| EXERCISE INSTRUCTIONS |
The full set of lines below has to be duplicated exactly, with no picture kept.

| PROVIDED MATERIAL |
•••••

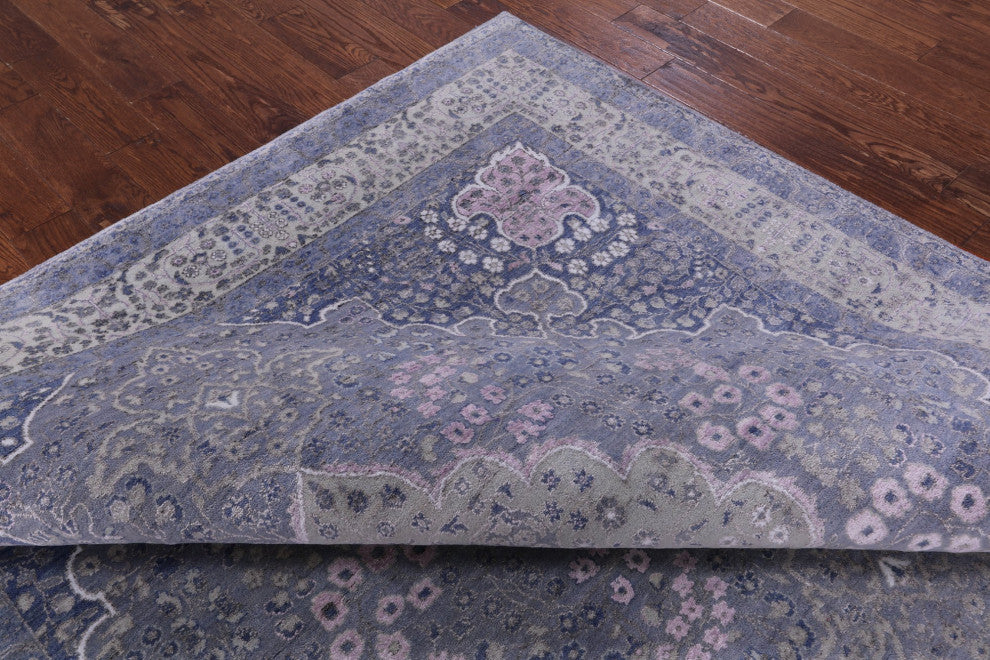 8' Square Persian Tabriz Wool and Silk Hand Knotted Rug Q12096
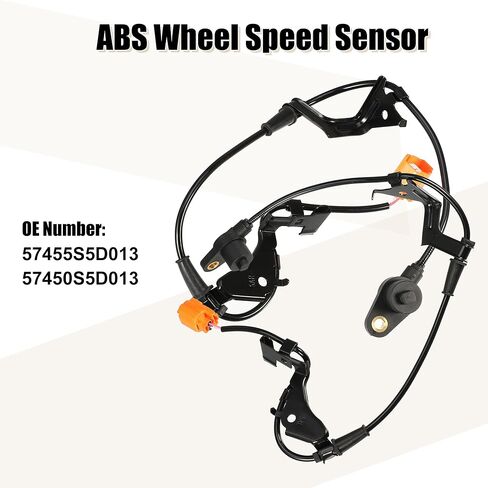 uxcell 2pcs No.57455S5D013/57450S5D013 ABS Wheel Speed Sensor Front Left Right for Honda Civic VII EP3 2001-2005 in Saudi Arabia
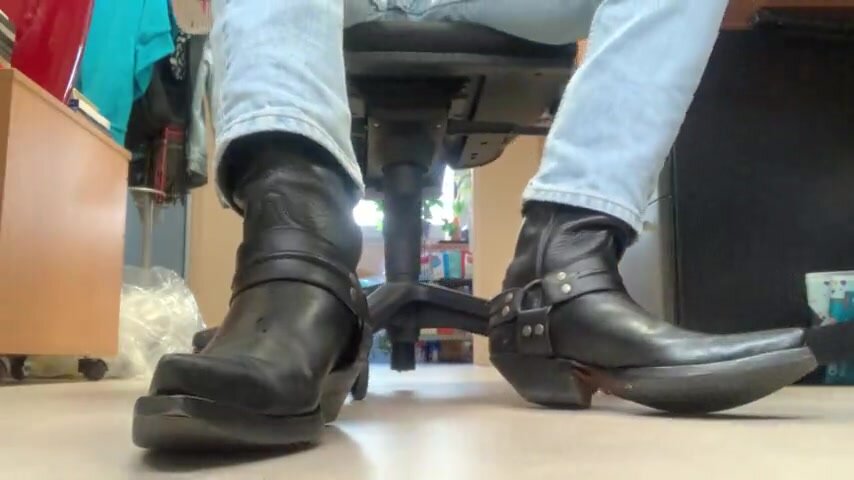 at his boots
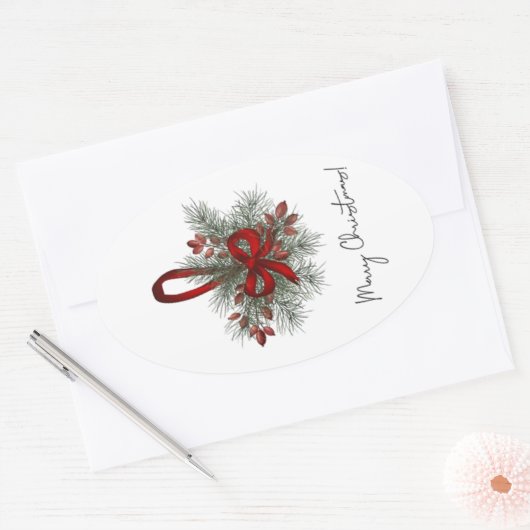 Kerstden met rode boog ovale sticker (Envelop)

•••••

| SOLVED PROBLEM |
 8' Square Persian Tabriz Wool and Silk Hand Knotted Rug Q12096
 uxcell 2pcs No.57455S5D013/57450S5D013 ABS Wheel Speed Sensor Front Left Right for Honda Civic VII EP3 2001-2005 in Saudi Arabia
 at his boots
 Kerstden met rode boog ovale sticker (Envelop)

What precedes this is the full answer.